Search the records for the string "Picture", and show each line where it appears.
═════ RECORDS ═════
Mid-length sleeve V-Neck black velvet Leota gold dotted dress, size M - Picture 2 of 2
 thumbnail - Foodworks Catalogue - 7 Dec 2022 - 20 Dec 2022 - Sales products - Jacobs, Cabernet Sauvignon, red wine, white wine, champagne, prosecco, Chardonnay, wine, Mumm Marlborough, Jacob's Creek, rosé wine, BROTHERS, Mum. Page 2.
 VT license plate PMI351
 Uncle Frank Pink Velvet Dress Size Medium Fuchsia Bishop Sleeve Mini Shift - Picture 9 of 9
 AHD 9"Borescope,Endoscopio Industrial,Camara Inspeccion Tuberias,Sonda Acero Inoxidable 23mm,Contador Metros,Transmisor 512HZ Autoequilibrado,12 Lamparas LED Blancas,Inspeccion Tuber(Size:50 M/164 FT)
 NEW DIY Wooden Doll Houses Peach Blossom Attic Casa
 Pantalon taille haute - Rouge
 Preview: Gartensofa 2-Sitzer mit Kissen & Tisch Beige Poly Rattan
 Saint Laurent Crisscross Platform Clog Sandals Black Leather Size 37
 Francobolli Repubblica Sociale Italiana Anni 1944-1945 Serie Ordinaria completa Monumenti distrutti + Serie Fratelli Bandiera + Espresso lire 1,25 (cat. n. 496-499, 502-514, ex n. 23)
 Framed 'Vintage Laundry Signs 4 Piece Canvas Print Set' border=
═════
— REPLY —
Mid-length sleeve V-Neck black velvet Leota gold dotted dress, size M - Picture 2 of 2
 Uncle Frank Pink Velvet Dress Size Medium Fuchsia Bishop Sleeve Mini Shift - Picture 9 of 9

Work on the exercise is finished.